=== Section Start ===
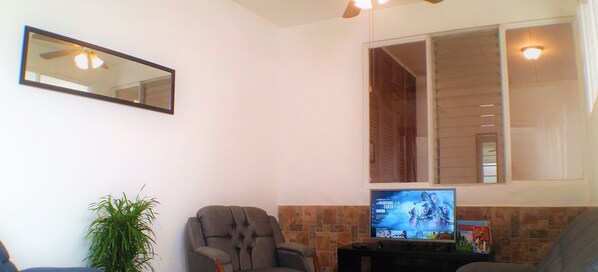 Interior - Escazu Vintage Apt 1 BR / 1 BA w/Great Location #4 (San Rafael, Escazu, Guachipelin)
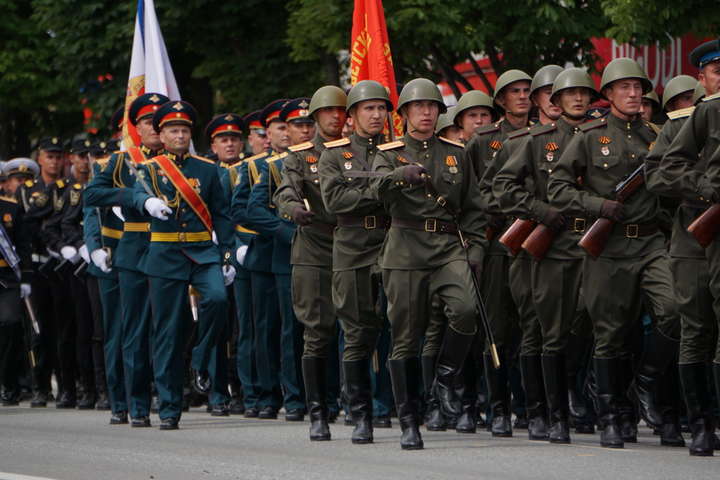 У МЗС висловили ноту протесту РФ через паради на окупованій території України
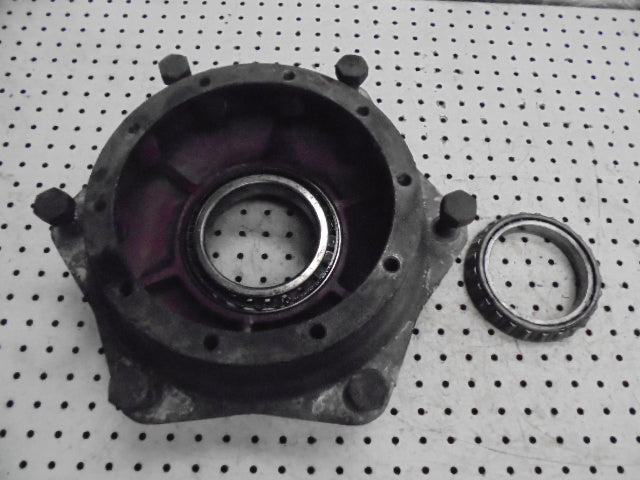 For MASSEY FERGUSON 390 4wd FRONT AXLE WHEEL HUB & BEARINGS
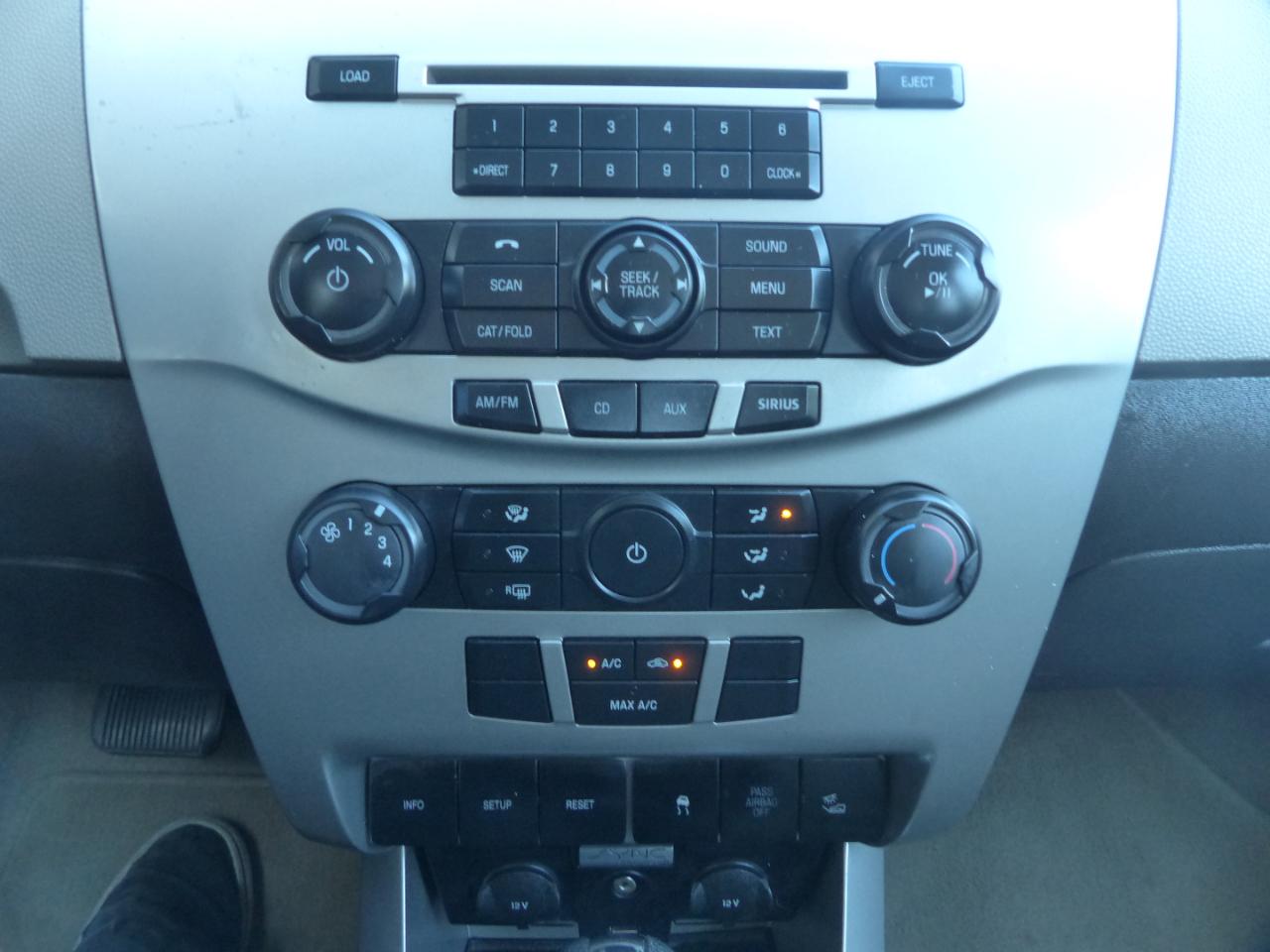 Ford Focus SE Sedan 2010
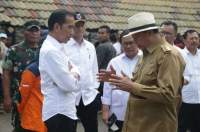 Tinjau Banjir Bandang Lebak, Jokowi: Permukiman Masyarakat Harus Segera Direlokasi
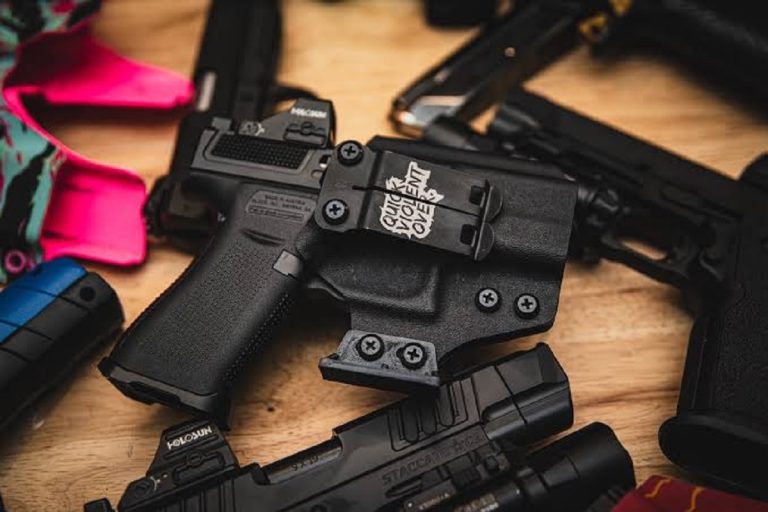 G43 vs G43X Holster – Key Differences, Compatibility, and How to Choose the Right Fit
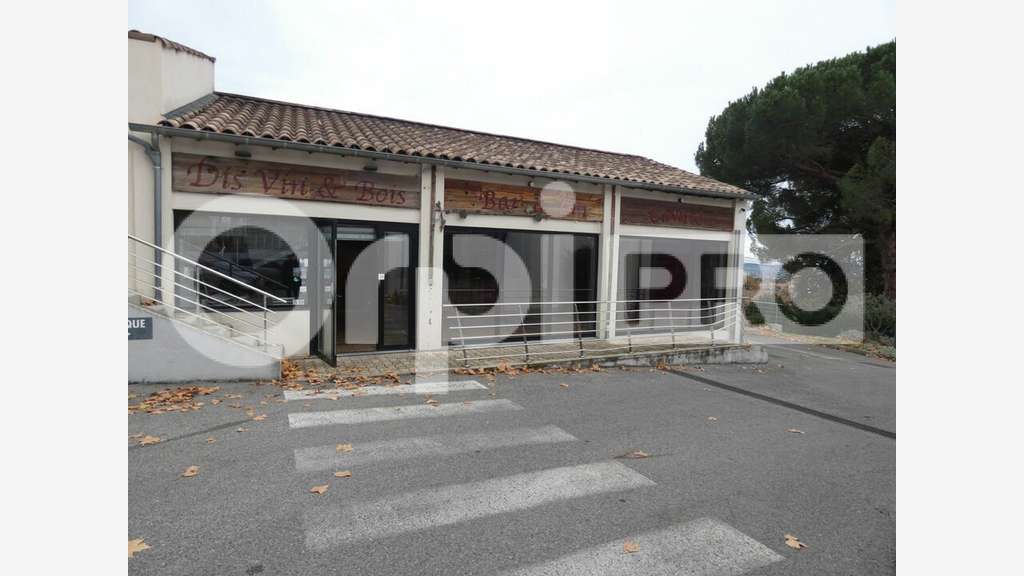 A louer local commercial de 93m² à Manosque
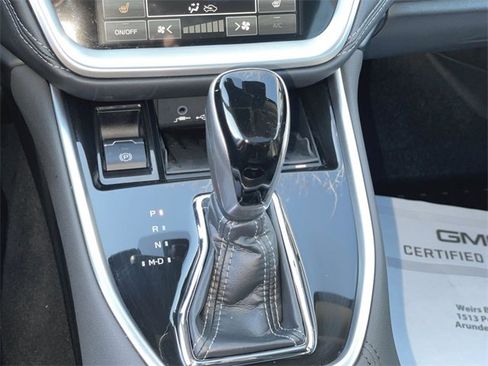 Used 2023 Subaru Outback Limited image 16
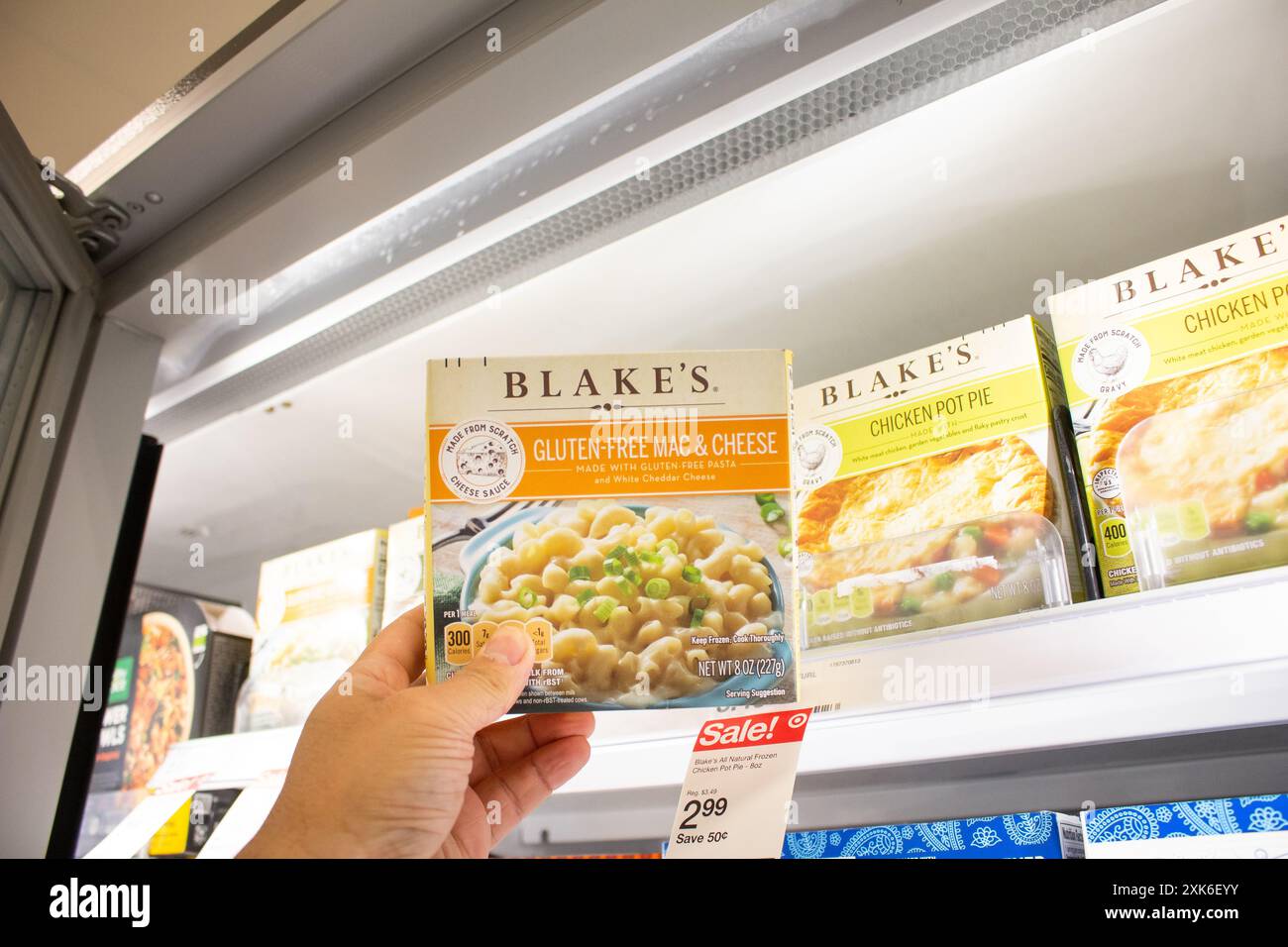 Los Angeles, Kalifornien, USA - 18.03.2021: Ein Blick auf eine Hand, die eine Schachtel mit Blakes glutenfreiem mac und Käse hält. Stockfoto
=== Section End ===
__WHAT IS BEING ASKED__: Set down the whole listing exactly as given, except for the pictures.

__YOUR SOLUTION__:
 Interior - Escazu Vintage Apt 1 BR / 1 BA w/Great Location #4 (San Rafael, Escazu, Guachipelin)
 У МЗС висловили ноту протесту РФ через паради на окупованій території України
 For MASSEY FERGUSON 390 4wd FRONT AXLE WHEEL HUB & BEARINGS
 Ford Focus SE Sedan 2010
 Tinjau Banjir Bandang Lebak, Jokowi: Permukiman Masyarakat Harus Segera Direlokasi
 G43 vs G43X Holster – Key Differences, Compatibility, and How to Choose the Right Fit
 A louer local commercial de 93m² à Manosque
 Used 2023 Subaru Outback Limited image 16
 Los Angeles, Kalifornien, USA - 18.03.2021: Ein Blick auf eine Hand, die eine Schachtel mit Blakes glutenfreiem mac und Käse hält. Stockfoto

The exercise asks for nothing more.